The intention of the brief was to try and get turners to think differently about what they turn. I have often found that this can lead to interesting diversions from the norm, and many of my favourite pieces have resulted from such an approach.

So what to do…

Well, not feeling 100%, it had to be quick. I had some small bowls rough-turned in Holly that were ready for final turning, so I picked one of these, and decided to do something in the line of one of Mark Hancock’s sycamore carved forms. The problem was that I didn’t have hours and hours to cut, carve, and abrade, and besides, if all I did was copy a Hancock piece, what was the point. So I used part of an idea I’d been thinking about for some time.

It was re-turned to bring it to true, and then the outer wall of the bowl was marked off at 10mm intervals, and then each section parted off with a 2mm parting tool. The resulting base section was jam-chucked and the foot turned off. The resulting “rings” were each drilled at a single point with a 2mm bit, and a piece of copper wire used to “sew” them back together, providing a swivel point about which the rings could rotate through a flat plane.

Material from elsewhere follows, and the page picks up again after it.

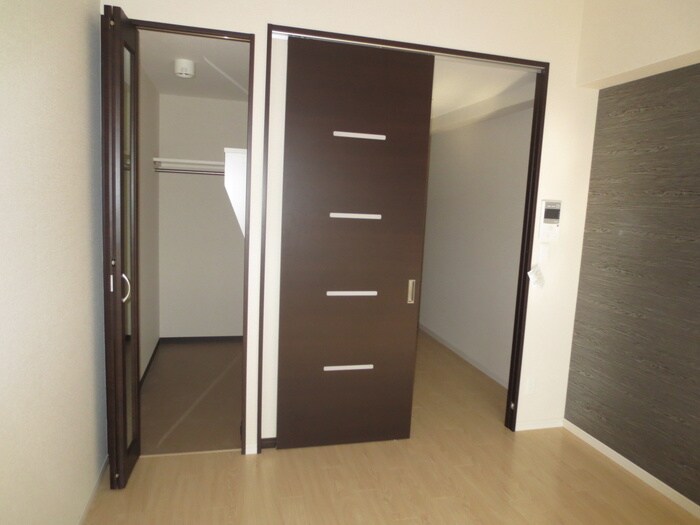 物件内観写真13　(収納)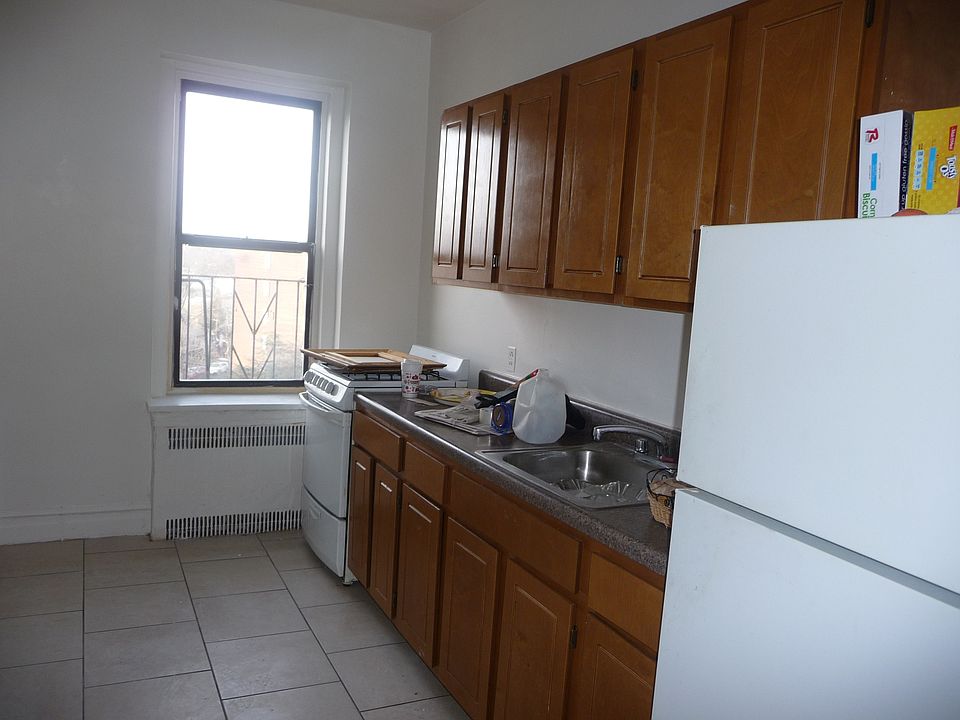 1st image of 2626 Kings Hwy #6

This isn’t a finished piece, but hopefully gives some idea of how you might subvert a form. It’s not even an terribly exciting result, but it was a quick job, and offers many possibilities for future experimentation.

I do hope that people have a try, even if they feel a little uncertain. Once you begin to play in this manner, it can become quite habit forming, and once in a while something interesting comes out of the process.

Now all I have to do is wait for the almost inevitable email stating, “It’s very nice…but what would you do with it?”